Pictures with short captions
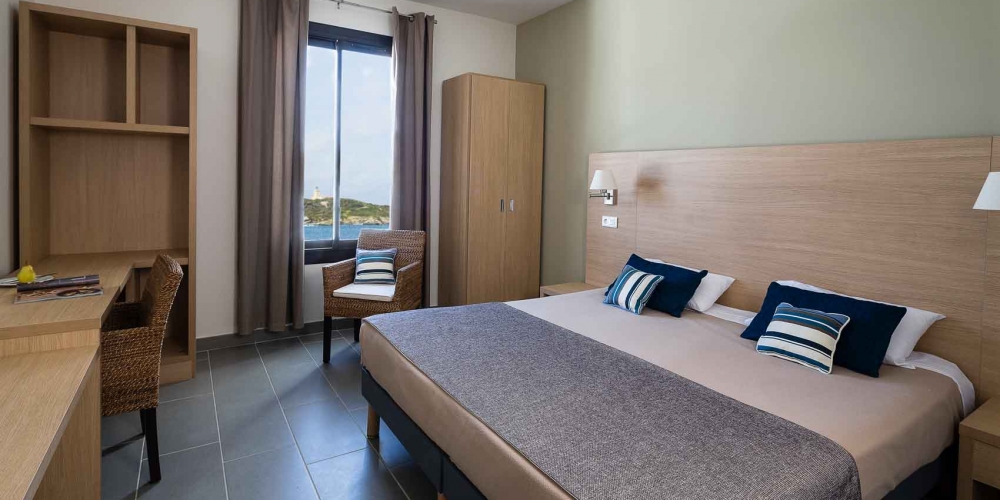Appartement en location saisonnière sur l'île des Embiez, à proximité de Sanary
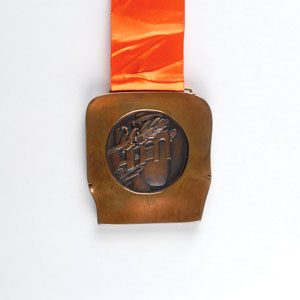 Lot #9112 Sarajevo 1984 Winter Olympics Bronze Winner’s Medal - Image 2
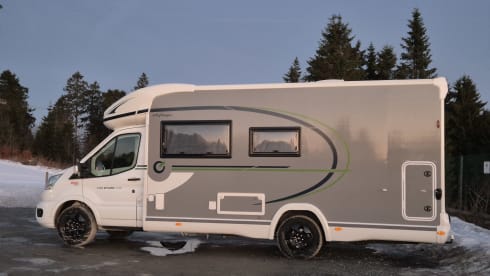 4p Chausson semi-integrated uit 2025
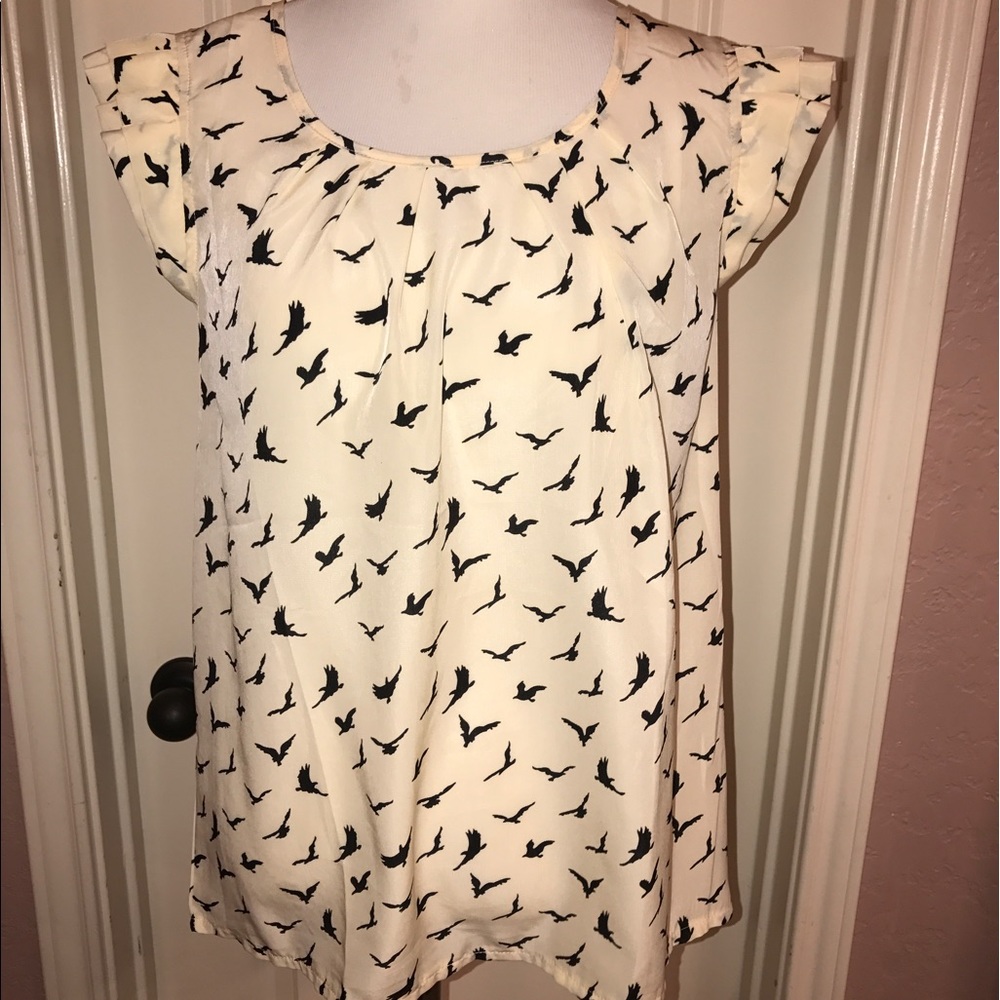 Adorable blouse never worn! NWT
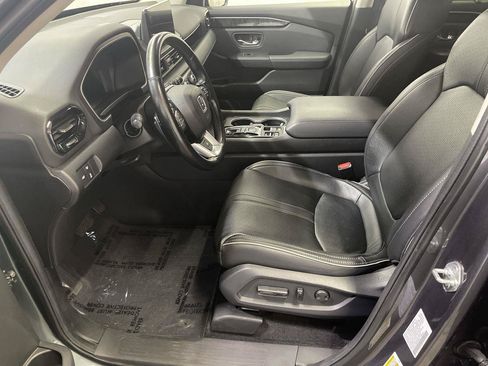 Used 2023 Honda Pilot Elite image 11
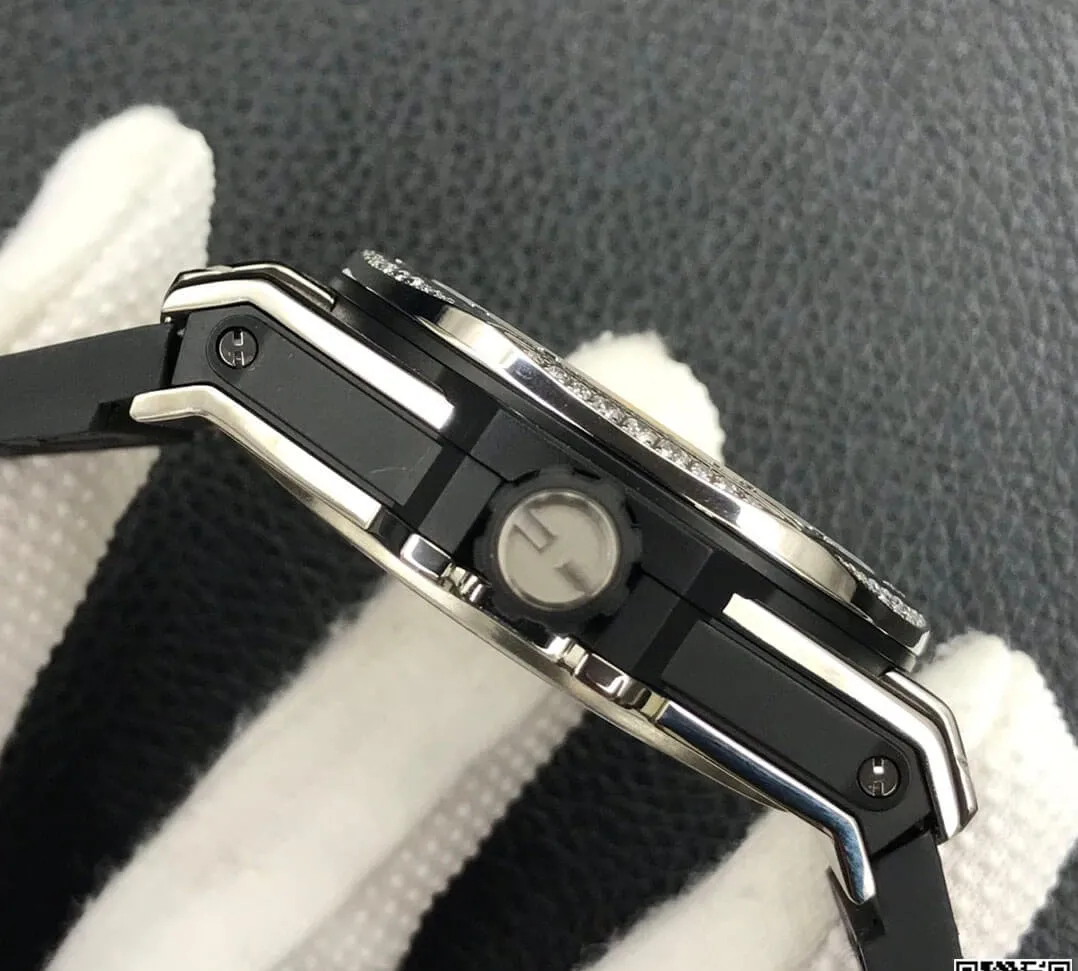Hublot Big Bang 415.NX.1112.VR.1704.MXM17 WWF Factory 1:1 Best Edition Replica Watch Black Strap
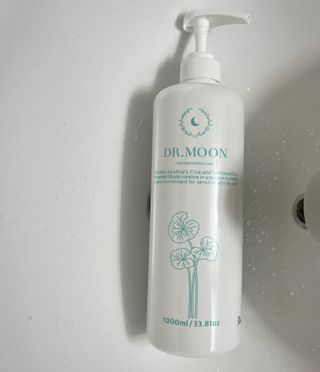 [닥터문] 센텔라 시카케어 화이트머스크 바디워시 1000ml — 5점을 준 리뷰어가 2023년 8월 올린 사용 사진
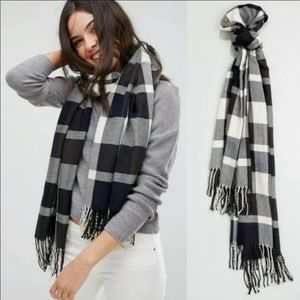 PLUSH APPAREL ULTRA SOFT SCARF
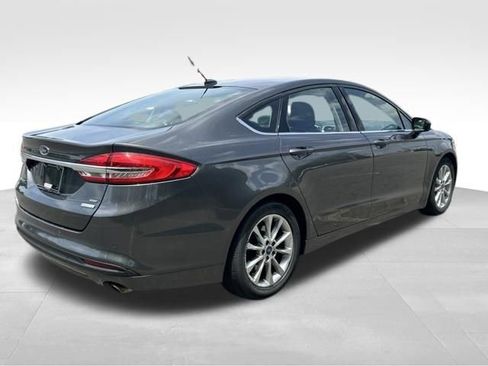 Used 2017 Ford Fusion SE w/ Fusion SE Technology Package FWD image 5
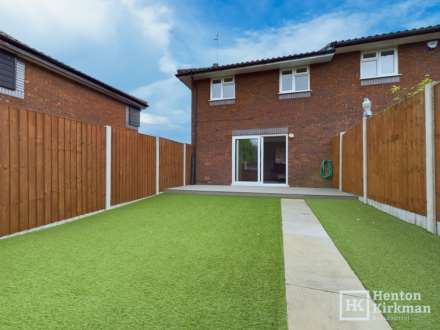 Queens Gate Mews, Billericay, Image 14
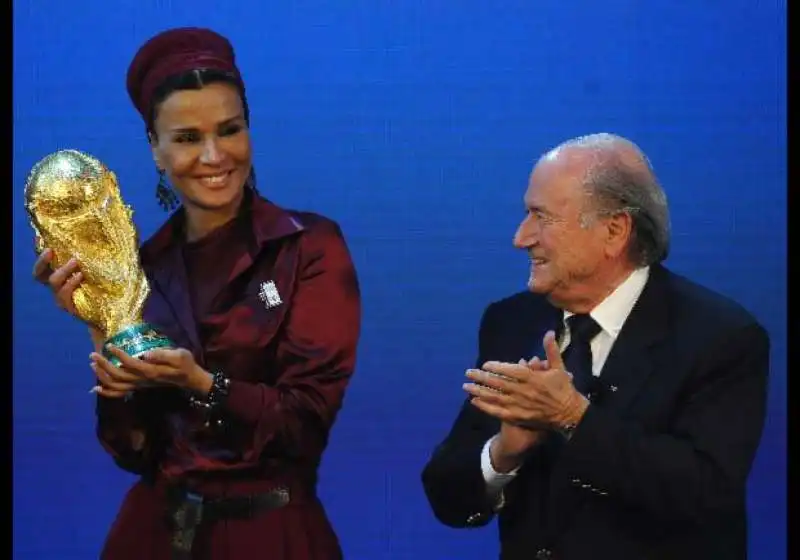 Mozah bint Nasser al Missned con Blatter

(Task details): An exact copy is required of the lines from the one holding "Adorable blouse never worn! NWT" to the end of the entries above, both included; no pictures belong in it.

(Result of the exercise):
 Adorable blouse never worn! NWT
 Used 2023 Honda Pilot Elite image 11
Hublot Big Bang 415.NX.1112.VR.1704.MXM17 WWF Factory 1:1 Best Edition Replica Watch Black Strap
 [닥터문] 센텔라 시카케어 화이트머스크 바디워시 1000ml — 5점을 준 리뷰어가 2023년 8월 올린 사용 사진
 PLUSH APPAREL ULTRA SOFT SCARF
 Used 2017 Ford Fusion SE w/ Fusion SE Technology Package FWD image 5
 Queens Gate Mews, Billericay, Image 14
 Mozah bint Nasser al Missned con Blatter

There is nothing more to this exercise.